Les rumeurs autour de Resident Evil Code Veronica Remake reprennent de plus belle. Alors que Capcom n’a toujours rien officialisé, de nouveaux détails viennent alimenter les spéculations autour de ce projet très attendu par une partie des fans. À l’origine de ces informations, on retrouve Dusk Golem, un leaker bien connu de la sphère Resident Evil, qui affirme avoir obtenu plusieurs éléments sur l’équipe en charge du remake ainsi que sur la direction prise par cette relecture moderne du classique sorti à l’origine en 2000.
D’après ces nouvelles indiscrétions, le remake de Code: Veronica serait confié à Kazunori Kadoi et Yasuhiro Anpo. Un duo loin d’être inconnu pour les amateurs de survival horror, puisque les deux hommes ont déjà été associés à Resident Evil 2 Remake et Resident Evil 4 Remake, deux épisodes salués pour leur capacité à moderniser des monuments de la série tout en respectant leur ADN. Si cette information venait à se confirmer, Capcom miserait donc sur une équipe expérimentée, déjà rodée à l’exercice délicat qui consiste à remettre au goût du jour un pan majeur de son héritage.
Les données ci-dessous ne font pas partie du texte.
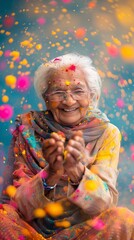 Portrait of a happy senior old lady celebrating Holi festival with bursts and splashes of vibrant, colorful Indian Holi powder. Active retirement.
Mais ce qui retient surtout l’attention, c’est la manière dont ce supposé remake entendrait retravailler la formule d’origine. Selon Dusk Golem, Capcom ne prévoirait aucune coupe majeure dans le contenu. Les ennemis emblématiques, les lieux importants et les grands événements du scénario seraient toujours présents. En revanche, le déroulé global de l’aventure aurait été largement repensé. Le projet serait même, selon la fuite, le remake Resident Evil qui modifierait le plus de choses dans sa mise en scène, sa structure et la façon dont certains passages s’enchaînent. Une approche qui suggère une fidélité de fond, mais une liberté bien plus importante sur la forme.
Autre élément notable évoqué par cette rumeur : le rôle de Chris Redfield aurait été considérablement étoffé. Dans cette nouvelle version, son implication dans l’histoire serait plus marquée, avec une présence renforcée au sein du récit. Leaker oblige, il faut encore manier l’information avec prudence, mais il est question d’un affrontement direct contre Albert Wesker, cette fois sous la forme d’un véritable boss fight et non plus d’une simple séquence scénarisée. Ce duel interviendrait plus tôt dans l’aventure, et viendrait redessiner la progression narrative du jeu.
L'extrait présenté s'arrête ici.